When Maria was a young girl being raised in Vienna, her family was hard working, business oriented, successful, and lovers of art and artists. They could afford beautiful works of art and were friends with the creators. One of their treasured paintings was of Maria’s mother’s sister, her aunt Adele, by family friend, Gustav Klimt.

Then, in the early 1940s, politics and governments were changing. Maria’s family was Jewish and when the Nazis aggressively moved through Europe. They entered her beloved Vienna and began to persecute the Jewish community. Some of the Austrian population pretended to be patriotic, but they welcomed the Nazis. Their reasons may have been political, or they may have just been jealous of Jewish prosperity.

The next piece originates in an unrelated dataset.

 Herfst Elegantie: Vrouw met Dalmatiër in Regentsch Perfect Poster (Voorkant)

Many innocents, peaceful Jews were publicly humiliated, robbed of their livelihoods, their businesses, homes, possessions, and sent to concentration camps. The Bloch-Bauer family was among those whose precious family possessions were confiscated, stolen, by greedy military officials.

Maria, a newlywed at the time, escaped the fate of many of her neighbors. Her safety came at a cost. She left her parents, who remained in their stripped Vienna home because her father was too ill to travel. This was no doubt a difficult decision.

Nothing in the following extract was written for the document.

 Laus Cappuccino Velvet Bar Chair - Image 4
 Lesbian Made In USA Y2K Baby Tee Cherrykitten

However, in an April 2015 interview for the USC Shoah Foundation, she stated that she considered herself lucky to have only lost material possessions, unlike so many others. Maria had escaped with her husband. Her uncle had left before the turmoil began, realizing that conditions were going to worsen.

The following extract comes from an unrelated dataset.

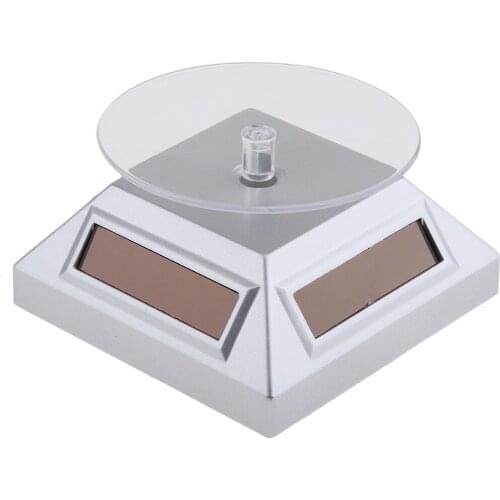 Solar and Battery Powered Turntable Rotating Display Stand Holder Watch Phone Jewelry, Convenient, Save energy, Eco-friendly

Helen Mirren is Maria Bloch-Bauer in the film and Ryan Reynolds portrays the young lawyer, Randol Schoenberg, who, although just starting his career, helps Maria regain the portrait of her aunt. It was hanging in the Belvedere Gallery in Vienna where it was given the name “Woman in Gold,” further stripping the family of any identity.

The battle begins when the Austrian government begins a program of Art Restitution, pretending to be interested in returning family treasures that had been stolen by the Nazis, to Jewish families. The program was a public relations stunt, meant only to repair the reputation of Austrians who had been friendly to the Nazis regime but were reluctant to let go of any valuable art they considered their own.

After several goarounds which included finding lost wills, winning a case in the United States Supreme Court, with Schoenberg’s help she eventually won the case through arbitration in Vienna and Maria was awarded her family’s Klimt paintings.

The painting of Adele Bloch-Bauer was subsequently sold to the Neue Galerie in New York City for $135 million, making it one of the five most valuable paintings in the world today.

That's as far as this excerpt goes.